Readability: what it is and how to improve your content
By Tiago CostaUpdated on July 2, 2026

Readability is how easy a text is to read and understand. Readable content usually has:
- short, direct sentences in the active voice;
- simple vocabulary, with no unnecessary jargon;
- short paragraphs, one idea each;
- scannable formatting, with subheadings, lists and highlights.
What readability is
Readability is a measure of how easy a text is to read. Content with good readability flows: the reader understands each sentence the first time, without rereading or straining to follow the reasoning. Content with poor readability does the opposite, it tires and pushes people away.
This reading comfort does not come from a single factor, but from the sum of several: sentence length, word complexity, paragraph length, how ideas are organized and even the visual presentation on the screen. When these elements work in the reader's favor, the page becomes inviting.
A common clarification: readability is not the same as eligibility. The words look alike, but eligibility is about meeting the requirements for something (being eligible), while readability is about the clarity of a text. Here, the topic is always the ease of reading.
Readability vs legibility: what is the difference
Two similar terms are often treated as synonyms, but theory keeps them apart. The distinction helps you know what to fix in each case.
- Legibility: in the strict sense, it is tied to the visual form of the text. It involves typography, font size, spacing, the contrast between letters and background. It is what makes a character easy (or hard) to see.
- Readability: it is tied to the content and the language. It involves sentence length, word complexity and how ideas are built. It is what makes a text easy (or hard) to understand.
In everyday practice and in SEO, though, the word readability has become an umbrella that gathers both dimensions, the seeing and the understanding. In this entry, we use readability in that broad sense, covering both visual clarity and clarity of language.

Why readability matters for SEO
Google does not have a readability number that adds points directly to the ranking. The impact is indirect, but powerful: a readable text holds the reader, and reader behavior counts.
This matters because, on the web, nobody reads at leisure. A classic study by the Nielsen Norman Group found that, on an average visit, people read at most 28% of the words on a page, with 20% being a more likely number. Another study by the same group showed that 79% of users only scan any new page, and just 16% read word by word.
The conclusion is direct: if the text is not easy to scan and understand, the reader gives up. A hard page tends to raise the bounce rate and shorten time on page, signals that the content did not satisfy the search. Caring for scannability and readability, then, is caring that the reader stays, reads and comes back.
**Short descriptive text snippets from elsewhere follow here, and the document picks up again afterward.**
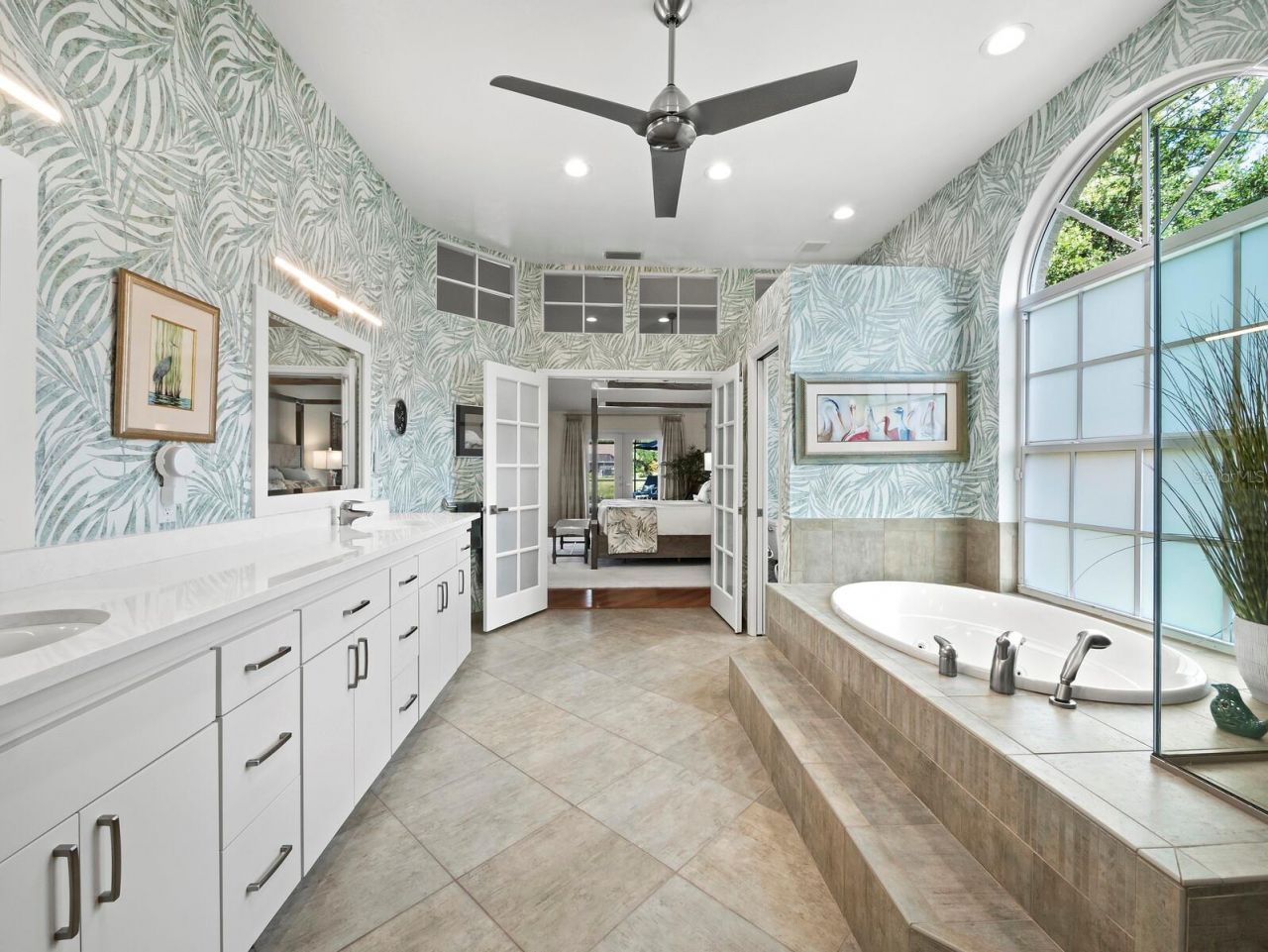 8314 Cypress Hollow Drive, Sarasota, FL 34238 Photo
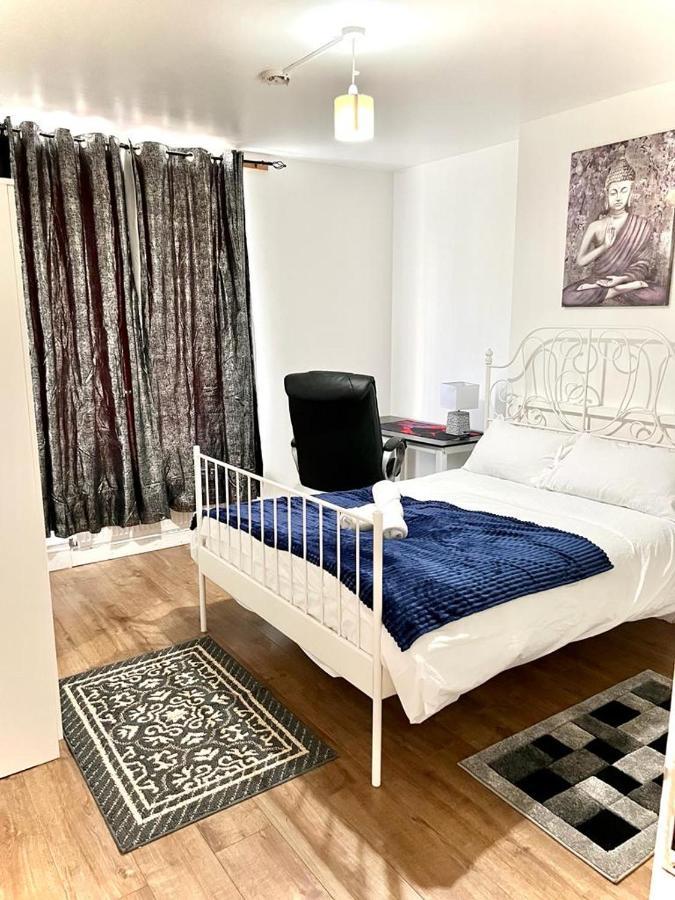 Shadwell Holiday Rooms Londen Buitenkant foto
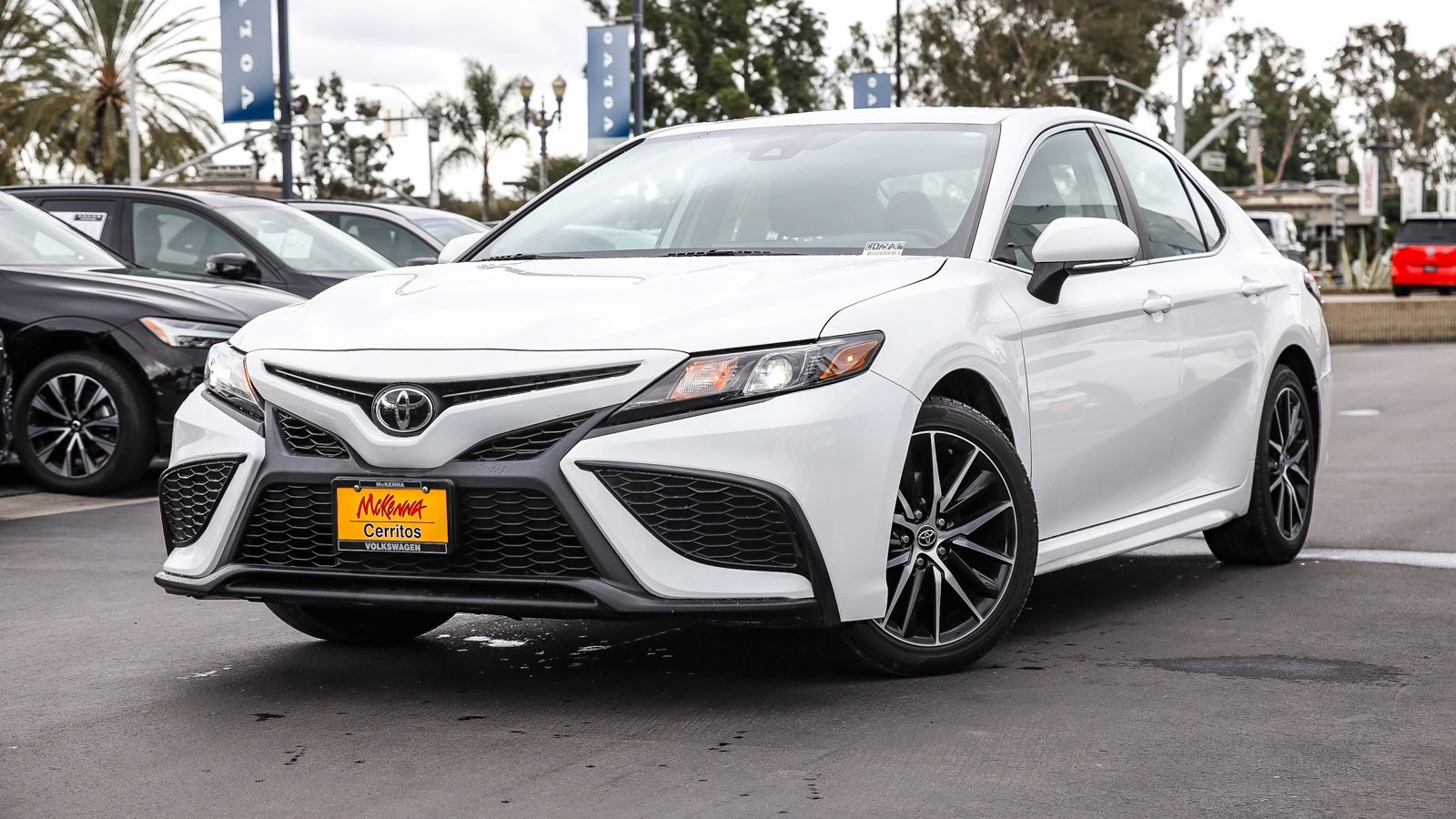 Used 2023 Toyota Camry SE image 1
What affects the readability of a text
Readability is built (or destroyed) by concrete writing and formatting choices. The factors that weigh the most:
| Factor | What to do |
|---|---|
| Sentence length | Prefer short sentences; break the long ones in two. |
| Voice | Use the active voice, more direct than the passive. |
| Vocabulary | Choose the simple word when one exists; explain the jargon. |
| Paragraphs | One idea per paragraph, a few lines each. |
| Structure | Use subheadings and lists to split the text. |
| Typography | Ensure good contrast, a legible font and comfortable spacing. |
Notice that much of this is also about organization. A clear hierarchy of headings (H1, H2, H3) guides the reader's eye and keeps the content scannable, which is exactly how people read on a screen.

Readability indexes: Flesch and the tests
There are formulas that estimate a text's readability from variables such as the number of words per sentence and syllables per word. The best known is the Flesch reading ease test, which produces a score from 0 to 100: the higher, the easier the text.
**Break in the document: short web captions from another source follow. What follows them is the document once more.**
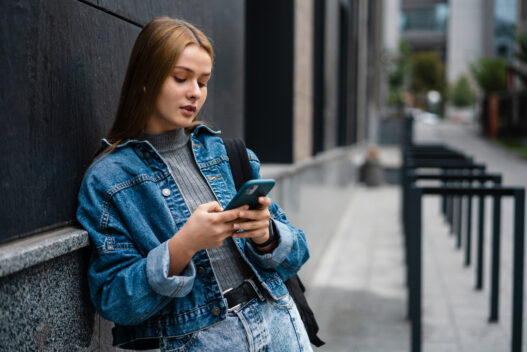 Mediarun.com - Marketing, AI, Digital, Trendy, Kariera MEDIARUN COM NASTOLATKA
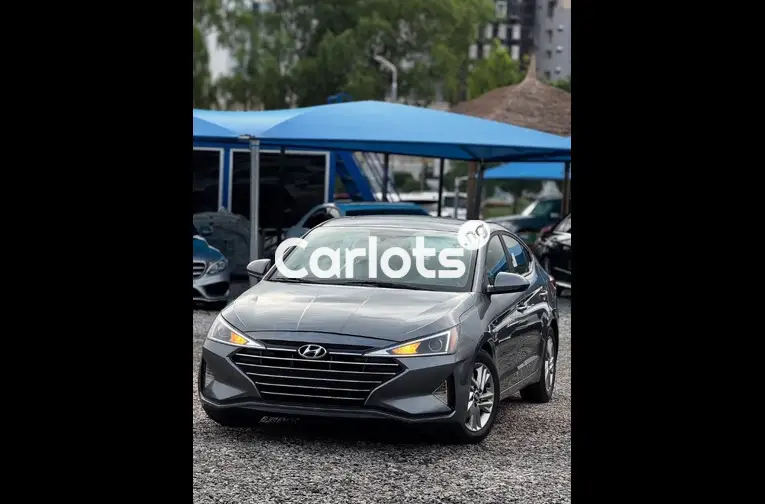 HYUNDAI ELANTRA 2019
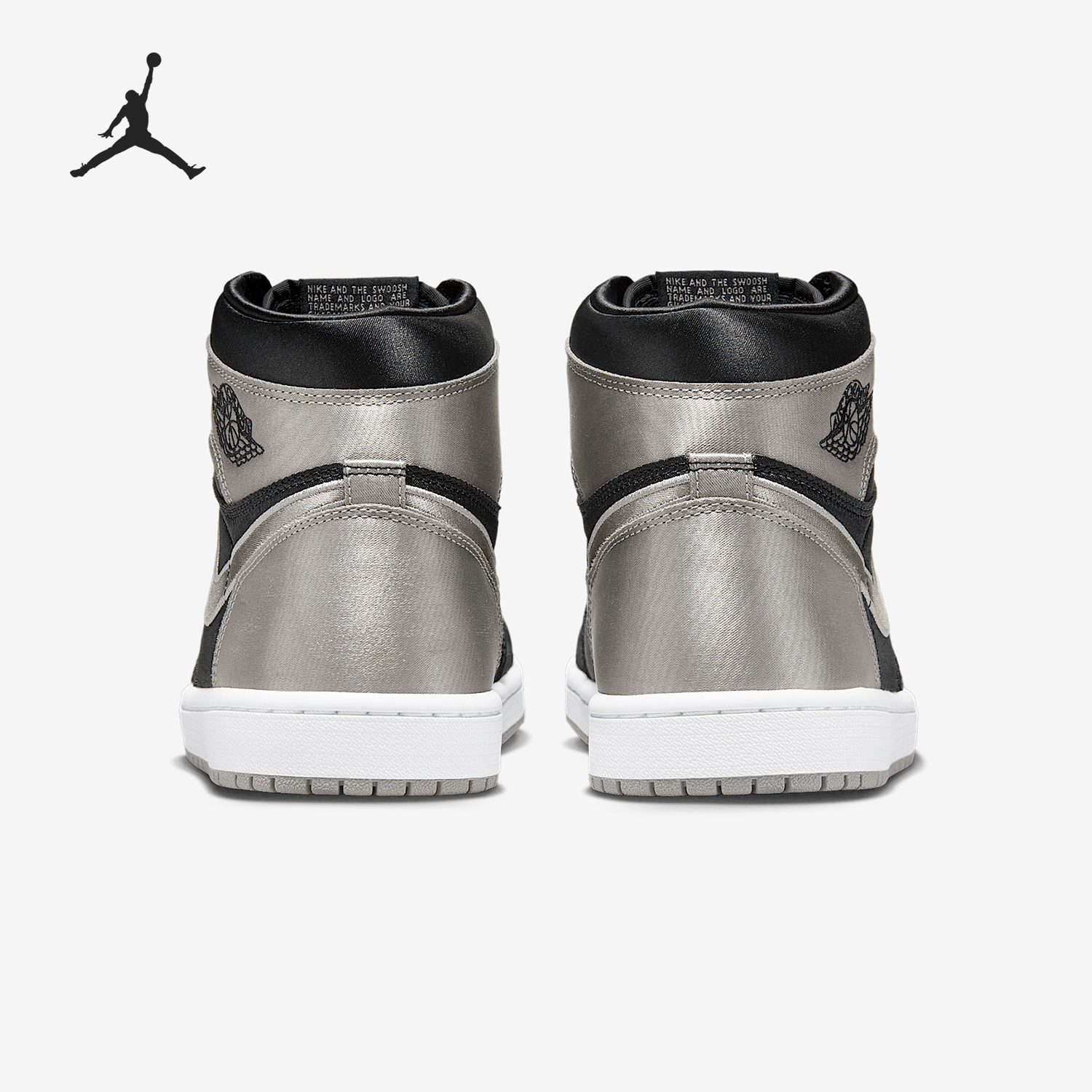 耐克女士复古高帮篮球鞋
| Flesch score | Reading level |
|---|---|
| 90 to 100 | Very easy, accessible to almost everyone. |
| 60 to 70 | Standard, comfortable for a general audience. |
| 30 to 50 | Difficult, requires more experienced readers. |
| 0 to 30 | Very difficult, academic or technical level. |
These indexes were created for English and there are adaptations for other languages, since word length varies. It is worth using them as a thermometer, not as an absolute target. The score points to a direction, but who decides whether the text is clear is always the real reader, not the formula.
How to improve readability: a step by step
Improving readability is mostly cutting excess and organizing better. A routine that works on any text:
- Write first, edit later: in the review, cut words you do not need and shorten the long sentences.
- Open the text into blocks: short paragraphs, frequent subheadings and lists to enumerate.
- Prefer the concrete: swap abstract terms and jargon for everyday words and examples.
- Highlight the essential: use bold sparingly to mark what must not be missed.
- Read it out loud: if you stumble while reading, the reader stumbles too. Rewrite the passage.
These practices are part of on-page SEO and apply to all of your content marketing. A clear text respects the reader's time, and it is that respect that makes the person reach the end, trust the brand and come back.